START DATA RECORDS

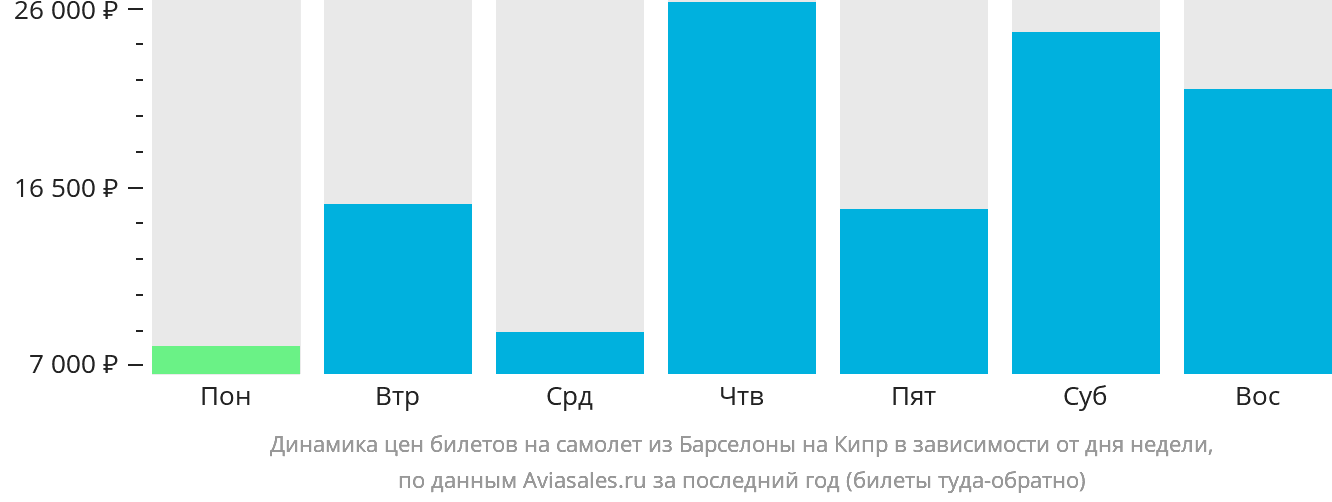 Динамика цен билетов на самолёт из Барселоны на Кипр в зависимости от дня недели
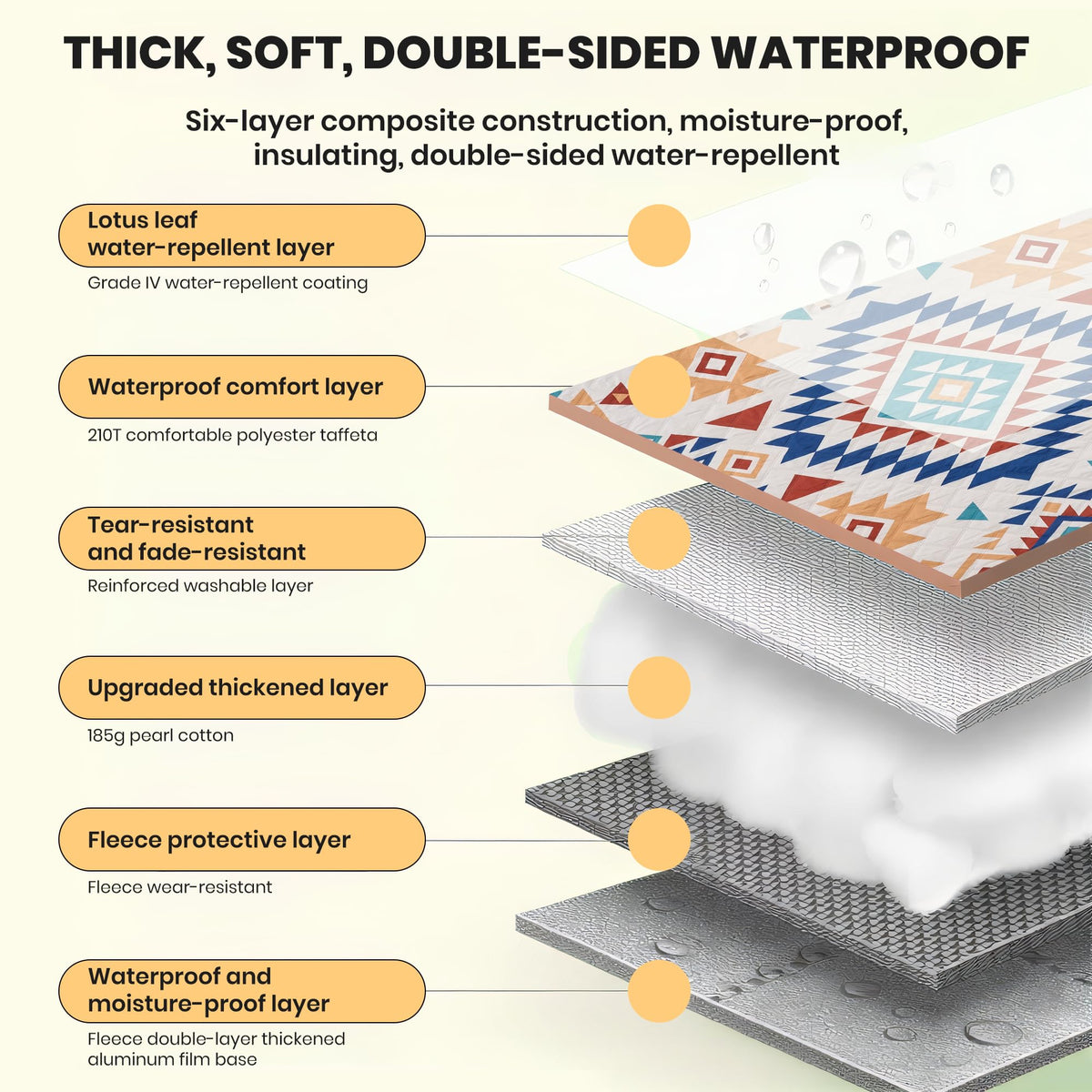 ALLBFENG backside aluminum film moisture barrier protecting the ground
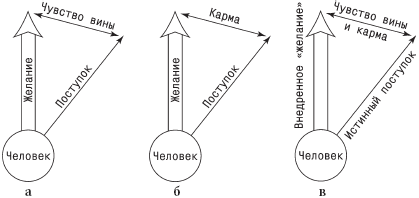 Мудрость, часть 1 - _3.png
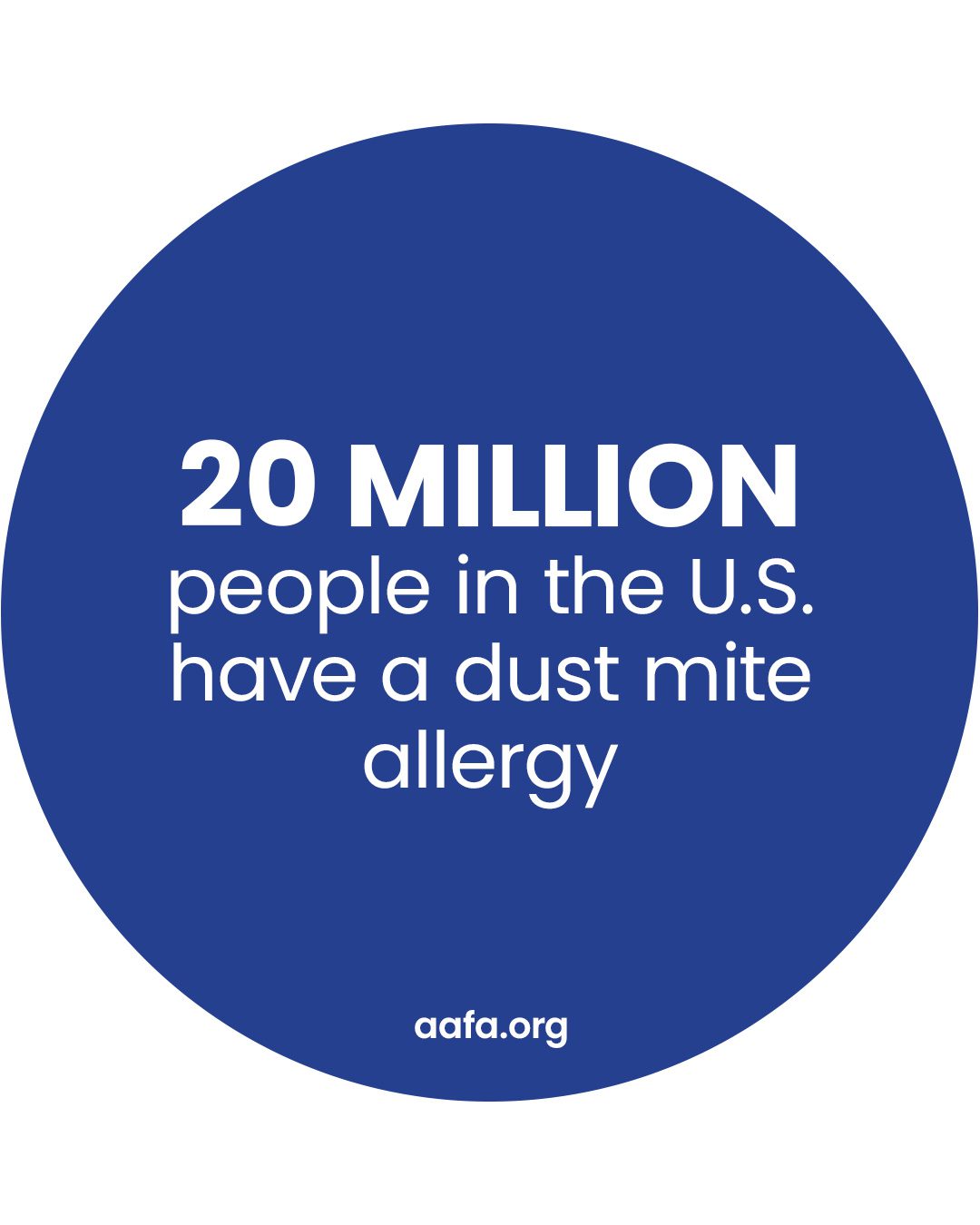 Dark blue circle with text reading 20 million people in the U.S. have a dust mite allergy.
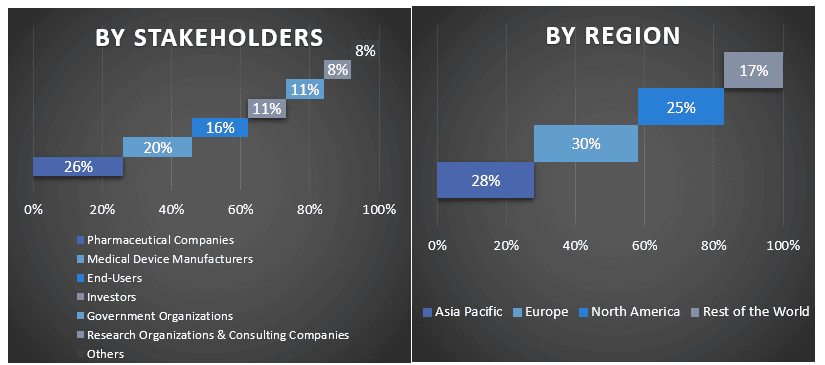 AI-ECG Platform Market graph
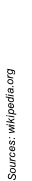 Sources: wikipedia.org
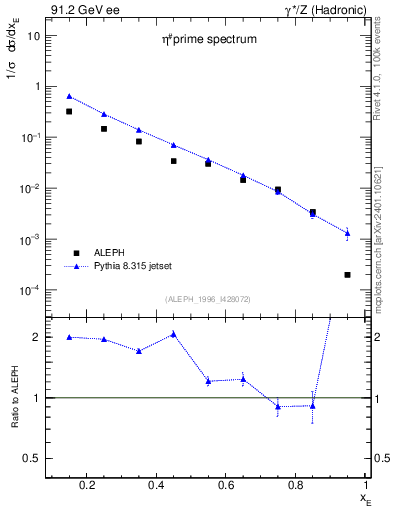 Plot of xetap0 in 91.2 GeV ee collisions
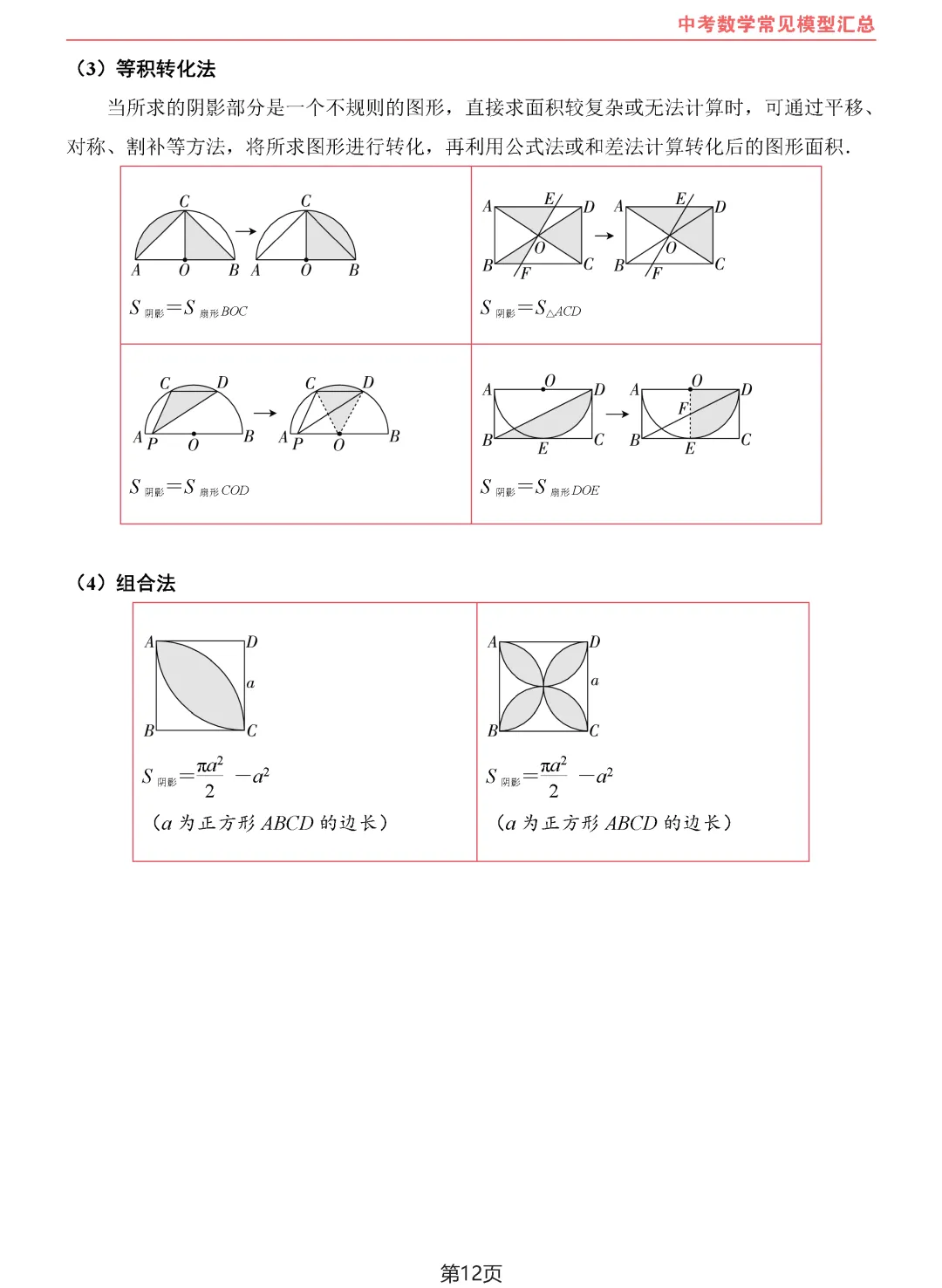 中考数学10类常见模型汇总-第13张图片-四季读书网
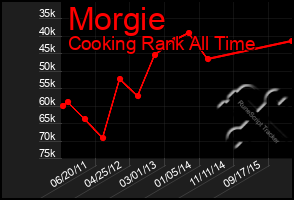 Total Graph of Morgie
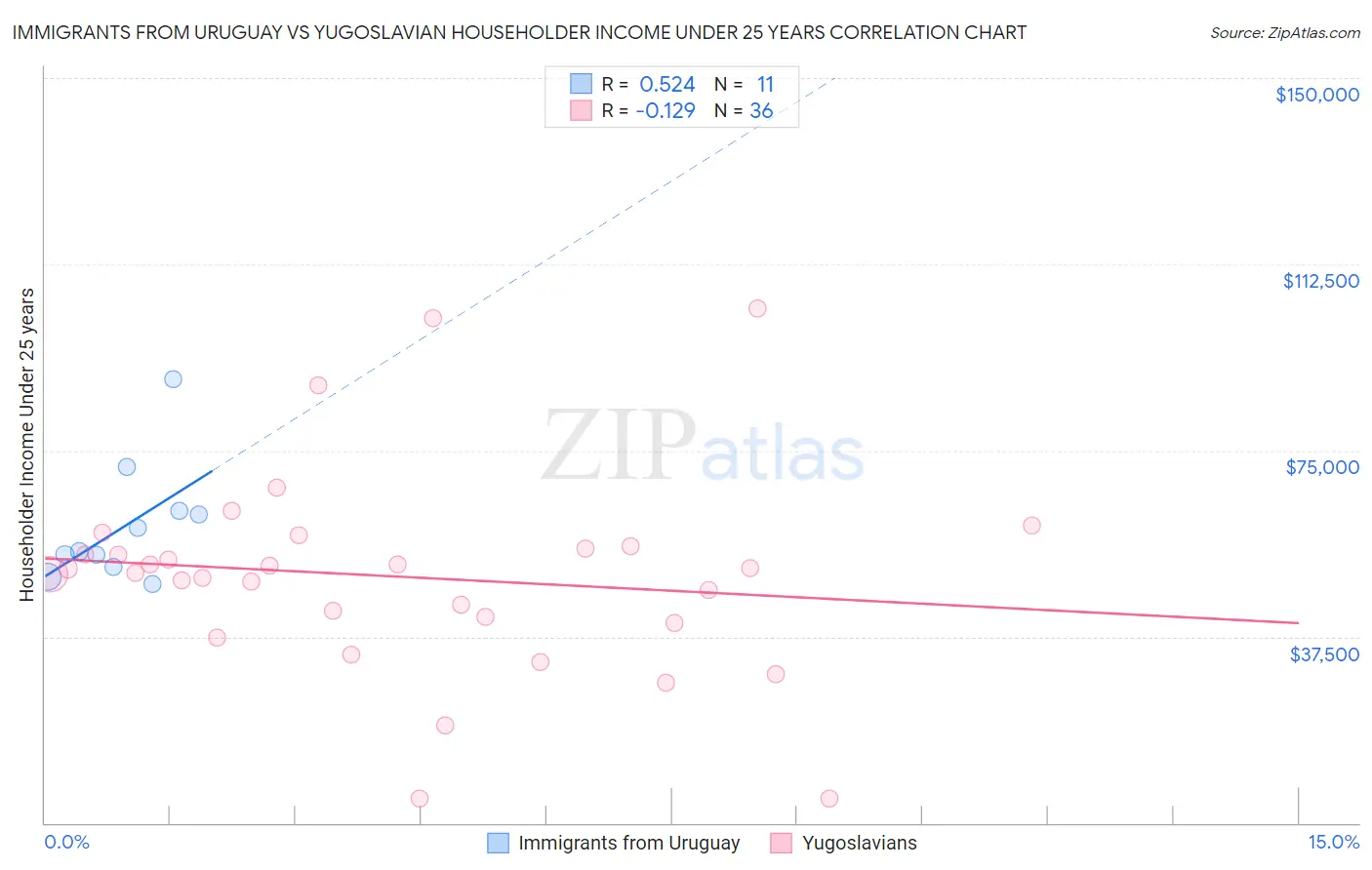 Immigrants from Uruguay vs Yugoslavian Householder Income Under 25 years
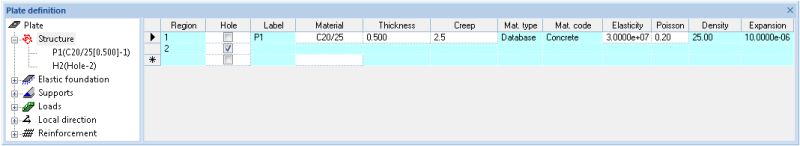 Plate Grid Lines Matrix Knowledge Base - Download Classic City Photo | Mobile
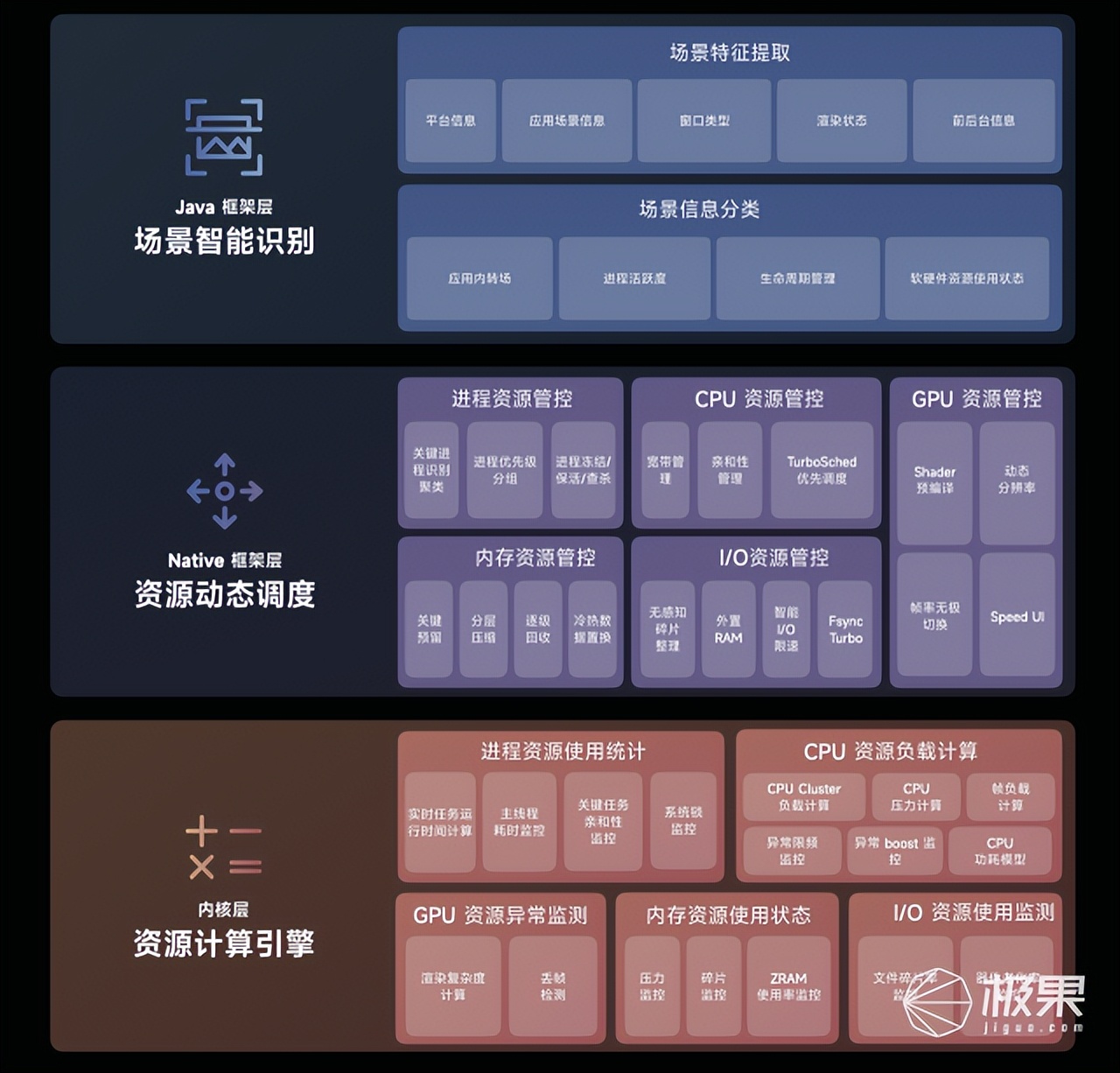 miui14上手体验,miui14全新界面和功能首曝光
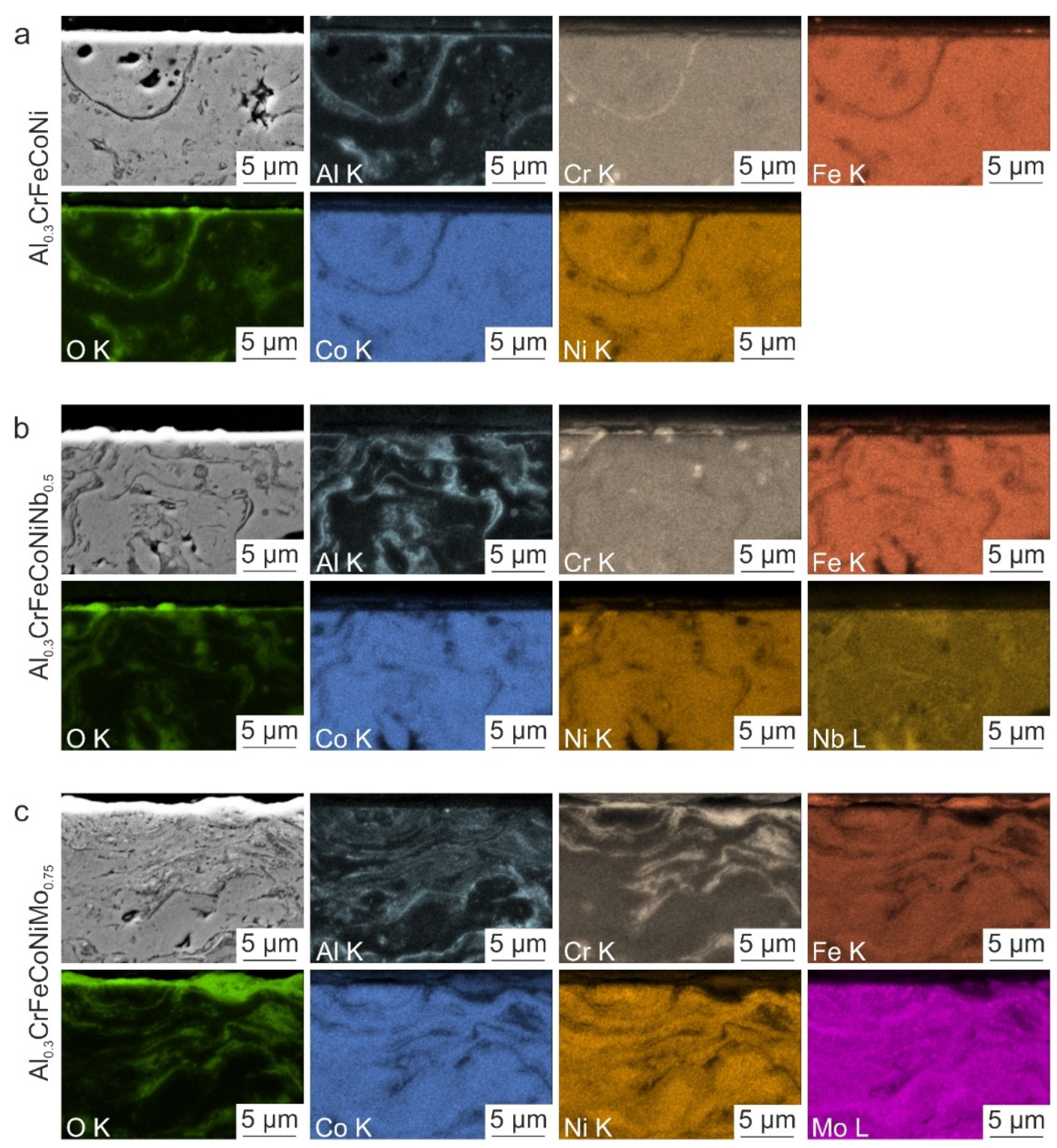 Coatings 13 00009 g010 Coatings 13 00009 g010
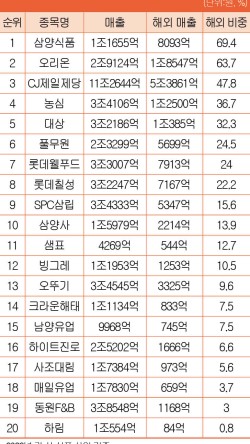 MK푸드 이미지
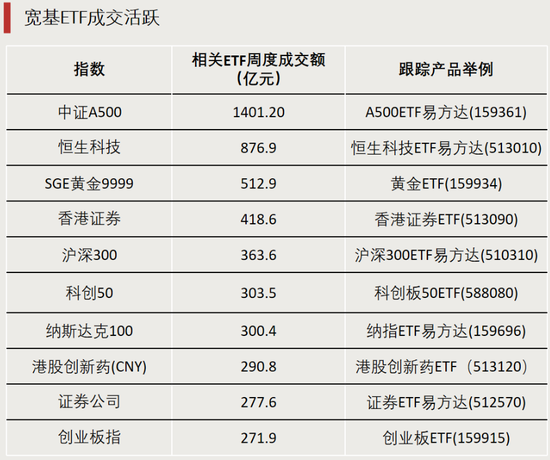 “抄底”钱,动了!A股增量资金将入场 第4张 “抄底”钱,动了!A股增量资金将入场 第4张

END DATA RECORDS

**TASK TO COMPLETE**: Reproduce the final stretch of lines exactly: the line containing "Dark blue circle" through the last line of the data, both included. Pictures do not belong in the copy.

**SOLUTION BELOW**:
 Dark blue circle with text reading 20 million people in the U.S. have a dust mite allergy.
 AI-ECG Platform Market graph
 Sources: wikipedia.org
 Plot of xetap0 in 91.2 GeV ee collisions
 中考数学10类常见模型汇总-第13张图片-四季读书网
 Total Graph of Morgie
 Immigrants from Uruguay vs Yugoslavian Householder Income Under 25 years
 Plate Grid Lines Matrix Knowledge Base - Download Classic City Photo | Mobile
 miui14上手体验,miui14全新界面和功能首曝光
 Coatings 13 00009 g010 Coatings 13 00009 g010
 MK푸드 이미지
 “抄底”钱,动了!A股增量资金将入场 第4张 “抄底”钱,动了!A股增量资金将入场 第4张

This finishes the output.